Les édits de Domitien ayant été cassés par l’autorité de Nerva et par un décret du sénat, l’Église commença à jouir, avec tout l’empire, du calme qui, sous ce nouvel empereur, succéda à tant d’orages. Dodwel veut qu’il n’ait point été interrompu jusqu’au règne de Dèce, et que durant tout ce long intervalle, hors quelques persécutions particulières et locales, les chrétiens eurent toute liberté de professer leur religion, et même de l’étendre et de se multiplier.

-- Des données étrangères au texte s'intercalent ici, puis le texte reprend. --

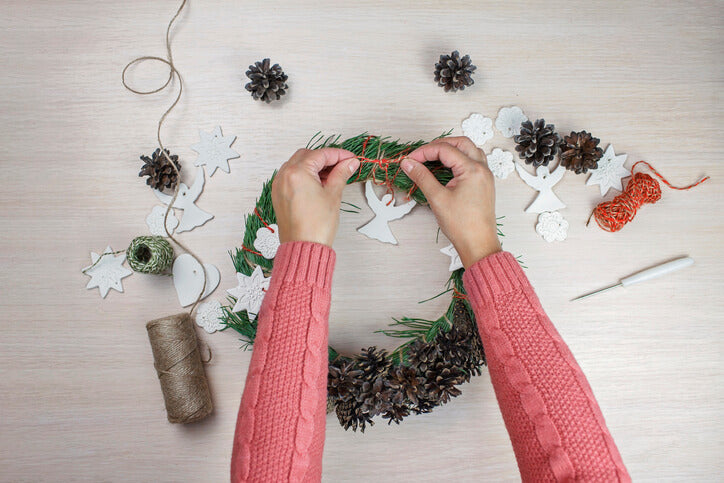 Woman adding personal touches to a Christmas wreath.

Mais quoiqu’il soit vrai que les persécutions ne se soient pas de telle sorte répandues par toute la terre, qu’il ne se soit passé aucun jour, et peut-être aucune année sans qu’il y ait eu beaucoup de sang répandu, il n’est pas moins vrai qu’elles ont été très-fréquentes depuis le règne de Domitien jusqu’à celui de Dèce, mais seulement locales, et souvent renfermées dans un canton ou dans une province ; soit que la mauvaise disposition des gouverneurs et leur génie porté à la cruauté les y excitassent ; soit que cela arrivât par une subite émotion du peuple, ou à l’instigation des prêtres des faux dieux ; soit enfin que le prince même y eût part. Nous ferons voir, en un mot, qu’il y en a eu que des édits publics ont autorisées, et qui ont ôté la vie à beaucoup de martyrs.

  1. Hist. lib. 1, с. 17.
  2. Brutius apud Eus., lib. 3, с. 18.
  3. Lib. de divite salvando.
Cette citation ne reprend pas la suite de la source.